Resulta oportuno destacar también que los sinónimos de teta que encierran la idea de exuberancia (goma, globo) comienzan con la gloriosa g, consonante que suele dar inicio a palabras relacionadas con la garganta profunda, tales como ganglio, gárgara, glotón, golosina, grito o gruñido. Así, los pechos femeninos exuberantes llevarían al varón sexista a asociar gomas y globos con penetración (encastre, otra vez), y –entonces– todas las letras mencionadas (o, l, m, b, g) y sus sonidos asociados estarían recordándonos la reproducción humana: el ancestral instinto de succión, deglución y alimentación universalmente ligado al pecho femenino, y el coito pene-vagina que asegura la permanencia de la especie en el planeta.
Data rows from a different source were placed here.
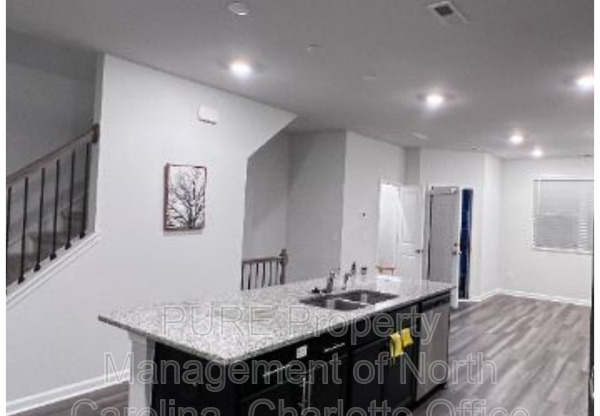4945 SOUTHERN MAGNOLIA DR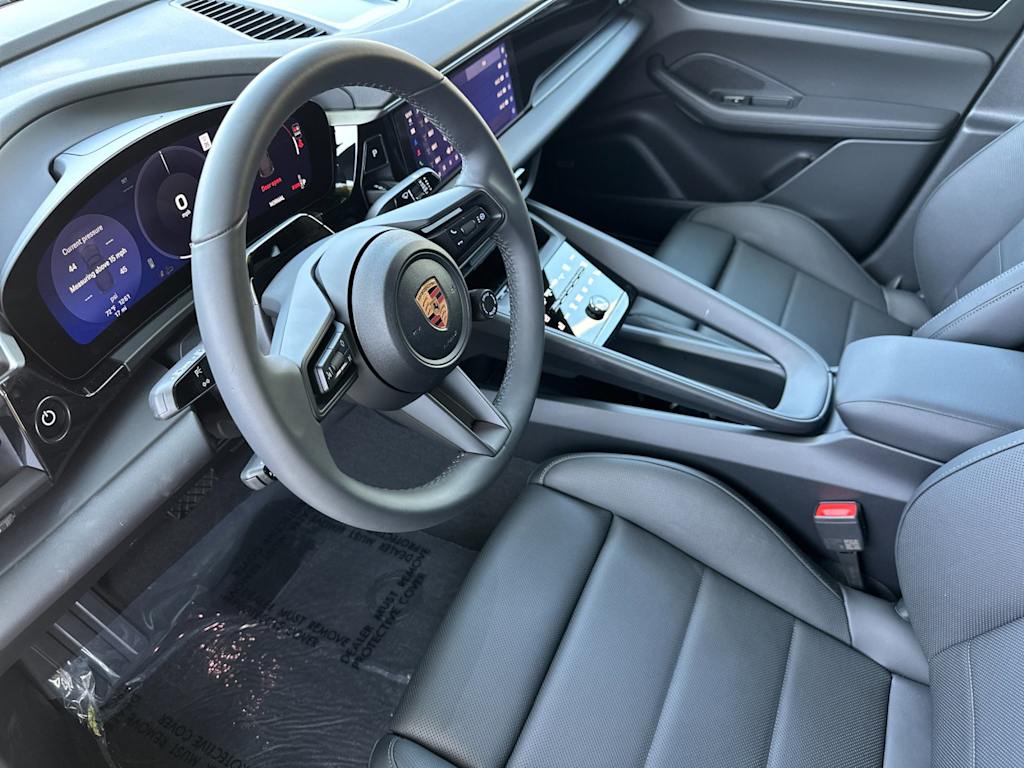 Thumbnail: 2026 Porsche Macan - 10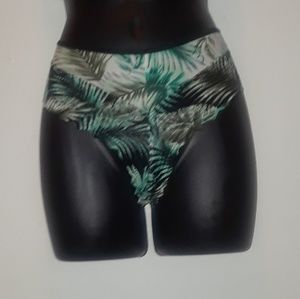 Lace trim cheeky panties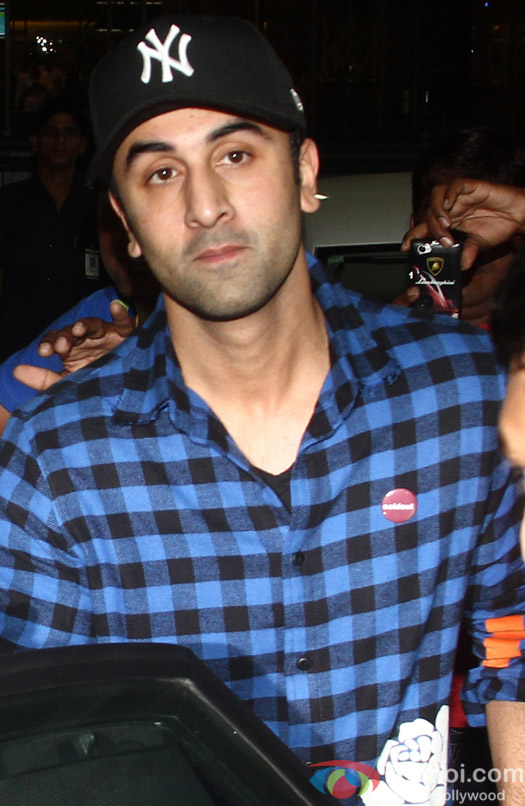 Ranbir Kapoor spotted at airport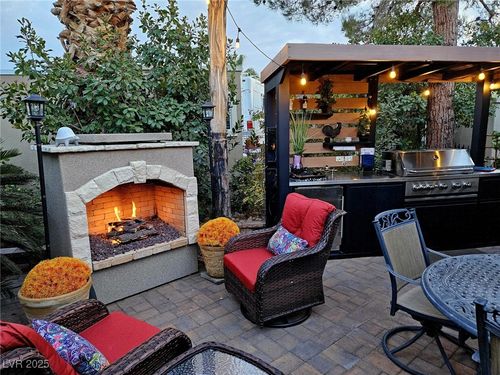 271-8175 Arville St, Las Vegas, NV, 89139-7111 | Card Image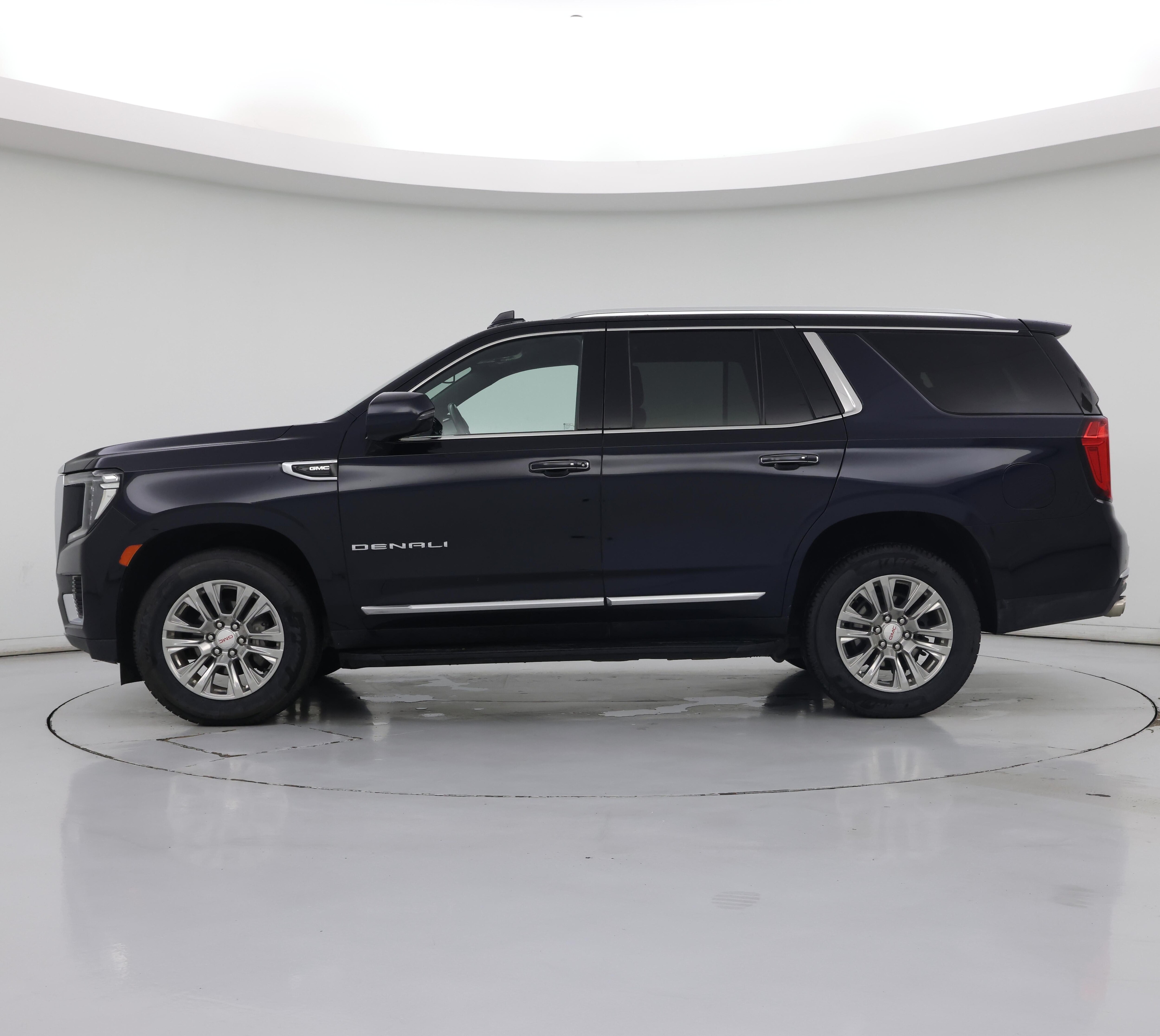Thumbnail: 2022 GMC Yukon - 3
No debe sorprendernos, por lo tanto, que no exista vocabulario erótico para aludir a los pechos del varón, pese a que la infinidad de terminaciones nerviosas con que cuenta el hombre en sus pezones los convierte en una importante zona erógena en potencia. Porque el placer se encuentra tan desestimado en el modelo social patriarcal, el discurso sexual vigente relaciona la natural sensualidad de los pezones exclusivamente al género femenino, al acto de amamantamiento y, por ende, a la reproducción.

Si damos vuelta la lámina del cuerpo humano, la zona donde la espalda cambia de nombre puede llamarse también de múltiples formas: cola o nalgas (en biológica definición mamífera), traste o trasero (por su ubicación en la retaguardia), posaderas o asentaderas (dada su práctica función acolchonada) o simplemente culo. Pero es sólo este último sinónimo el que tiene connotaciones eróticas en Argentina porque es la misma palabra que usamos para hablar del ano (aludido también como culito) y ya sabemos que los orificios corporales despiertan en el hombre todo tipo de emociones sexistas: se trata de agujeros a través de los cuales el varón puede marcar territorio a la manera de un macho alfa, derramando su simiente e impregnando el orificio con sus espermatozoides, aun cuando un embarazo no sea factible.

Al repasar el vocabulario que vimos hasta el momento, notamos que las palabras que más sinónimos eróticos suscitan son –en general– las que designan aquellas partes del cuerpo humano más directamente involucradas en el coito desde el punto de vista masculino heterosexual patriarcal: pene en erección y vagina a disposición. Es fácil comprender que el hombre primitivo se haya dedicado a nombrar las zonas que mejor respondían a sus intereses ontológicos y que haya ignorado o subestimado a todas las demás, propias o ajenas. Pero resulta muy contradictorio que los sustantivos sexuales más eróticos y juguetones no sean los que se refieren a las áreas de mero placer –como podría esperarse– sino a aquellas partes humanas que a simple vista parecen cumplir una función esencial en el proceso reproductivo: el pene y la vagina. En cambio, las zonas que resultan inútiles para la procreación y que en la cama sólo se prestan –felizmente– para la recreación (tales como el cuello, las tetillas masculinas o el clítoris) cargan con nombres muy poco lúdicos y no cuentan con ningún tipo de sinónimo. Vayamos pensando por qué.